Selon Mme Brodie, il existe un monde merveilleux dans l’esprit d’un enfant, et il suffit parfois d’une occasion d’exercer sa liberté créative pour libérer ses soucis, ses angoisses – ou même son bonheur.

«Souvent, je ne donne pas de consigne, et c’est l’enfant qui choisit de dessiner quelque chose», a-t-elle dit en entrevue. «Il n’y a pas que le mouvement, mais aussi la cognition. On voit comment les gens pensent – n’importe qui d’entre nous, en fait – même dans les gribouillis… on peut observer la dynamique de notre esprit.»

La force d’un trait de crayon ou d’un coup de pinceau peut révéler la confiance ou l’insécurité; la couleur peut indiquer un bonheur pur ou un tumulte intérieur.

«La façon dont quelque chose est dessiné, un trait léger qui traduit un certain manque de confiance dans ce dessin en particulier, ou un dessin effacé un million de fois», a-t-elle précisé. «On peut intuitivement, en voyant le dessin, surtout en le voyant se réaliser, en apprendre beaucoup sur la personne.»

Mme Brodie qualifie l’art-thérapie d’une sorte de «pleine conscience» et encourage les parents à mettre ses compétences à profit à la maison en incitant leurs enfants à dessiner s’ils sont incapables de s’exprimer verbalement.

«Parfois, les parents m’apportent ces dessins, et cela m’aide vraiment à voir leur famille en pleine action, à voir ce qui se passe sur la page», a-t-elle lancé. «Parfois, il s’agit davantage d’un exercice d’ancrage. Cela n’a rien à voir avec le moment présent, mais simplement de s’asseoir et de faire autre chose.»

Mme Brodie souligne que l’art ne doit pas nécessairement être ancré dans la tristesse, la colère ou l’anxiété. «Il peut servir à communiquer, et cela se produit aussi spontanément», a-t-elle ajouté. « Avec des dessins pleins d’amour, tant d’amour se déverse sur la page.»

Laisser sa marque

Même hors contexte, Mme Brodie est capable de regarder un dessin et d’en déchiffrer le sentiment qui se cache derrière.

«Regardez cette joie, et ces deux couleurs», a-t-elle dit en observant un croquis réalisé par un enfant de deux ans lors de son entrevue avec CTV News. «La joie de tracer des traits et de remplir la page.

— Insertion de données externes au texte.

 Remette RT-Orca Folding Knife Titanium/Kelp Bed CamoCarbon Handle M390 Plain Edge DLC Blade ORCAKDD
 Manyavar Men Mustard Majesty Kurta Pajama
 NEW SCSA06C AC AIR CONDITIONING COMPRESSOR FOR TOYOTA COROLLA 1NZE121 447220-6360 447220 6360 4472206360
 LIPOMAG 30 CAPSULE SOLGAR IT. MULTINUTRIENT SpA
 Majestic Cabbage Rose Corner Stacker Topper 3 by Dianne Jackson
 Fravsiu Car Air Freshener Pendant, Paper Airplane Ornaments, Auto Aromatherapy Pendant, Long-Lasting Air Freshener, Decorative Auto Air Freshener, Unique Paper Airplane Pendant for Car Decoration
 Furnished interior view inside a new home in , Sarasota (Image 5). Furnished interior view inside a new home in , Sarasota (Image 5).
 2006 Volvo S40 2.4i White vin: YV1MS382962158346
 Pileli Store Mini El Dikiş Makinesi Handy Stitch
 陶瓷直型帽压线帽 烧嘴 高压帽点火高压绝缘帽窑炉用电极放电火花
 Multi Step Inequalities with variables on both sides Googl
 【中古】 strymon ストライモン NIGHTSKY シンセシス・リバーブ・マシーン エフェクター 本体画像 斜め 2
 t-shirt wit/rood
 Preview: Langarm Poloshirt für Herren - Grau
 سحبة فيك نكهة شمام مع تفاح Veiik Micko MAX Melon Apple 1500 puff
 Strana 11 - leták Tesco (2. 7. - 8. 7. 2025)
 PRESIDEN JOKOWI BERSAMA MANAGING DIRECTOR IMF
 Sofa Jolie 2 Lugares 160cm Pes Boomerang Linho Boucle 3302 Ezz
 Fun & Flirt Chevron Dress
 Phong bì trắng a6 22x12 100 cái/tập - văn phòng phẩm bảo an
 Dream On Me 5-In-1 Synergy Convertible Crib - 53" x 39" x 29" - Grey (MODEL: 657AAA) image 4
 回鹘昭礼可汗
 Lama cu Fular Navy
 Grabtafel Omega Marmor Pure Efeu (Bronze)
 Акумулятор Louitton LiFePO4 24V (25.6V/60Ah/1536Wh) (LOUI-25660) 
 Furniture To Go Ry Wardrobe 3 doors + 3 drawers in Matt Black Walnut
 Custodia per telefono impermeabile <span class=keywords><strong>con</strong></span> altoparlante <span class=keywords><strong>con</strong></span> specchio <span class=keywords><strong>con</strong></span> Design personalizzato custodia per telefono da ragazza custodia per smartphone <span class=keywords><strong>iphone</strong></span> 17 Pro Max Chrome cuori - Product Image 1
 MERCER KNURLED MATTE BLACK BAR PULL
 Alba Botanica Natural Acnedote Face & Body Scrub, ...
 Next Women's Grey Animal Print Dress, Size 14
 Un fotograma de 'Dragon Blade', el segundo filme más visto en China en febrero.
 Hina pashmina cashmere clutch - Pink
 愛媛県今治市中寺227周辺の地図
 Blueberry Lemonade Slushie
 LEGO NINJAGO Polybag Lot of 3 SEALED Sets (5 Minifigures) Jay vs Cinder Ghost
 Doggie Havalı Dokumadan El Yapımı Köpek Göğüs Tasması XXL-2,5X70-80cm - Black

On le ressent dans ce dessin, où l’on perçoit ce message : “Me voici, je laisse ma marque.” Il y a quelque chose de satisfaisant là-dedans, et cela transparaît dans l’exubérance de ces gribouillis.»

Aujourd’hui professeure à l’Université Concordia, Mme Brodie admet avoir énormément appris de ses jeunes patients.

«Il ne se passe pas un jour sans que je me sente vraiment transformée», a-t-elle souligné. «Comment le client progresse-t-il en thérapie? Est-ce que je change? J’ai l’impression d’apprendre.»

Elle ajoute que voir à quel point les enfants grandissent et mûrissent – même par petites étapes, de 3 à 5 puis à 8 ans – lui rappelle à quel point ces moments sont précieux.

«Vous pouvez demander à un enfant de 8 ans: “Es-tu une personne différente de celle que tu étais à cinq ans?” et il répondra: “Tellement!”», a-t-elle avoué. «Les enfants conservent ce sentiment d’émerveillement et d’étonnement face à toutes les choses simples, ainsi qu’au quotidien, et c’est sans aucun doute là la plus grande récompense d’être art-thérapeute.»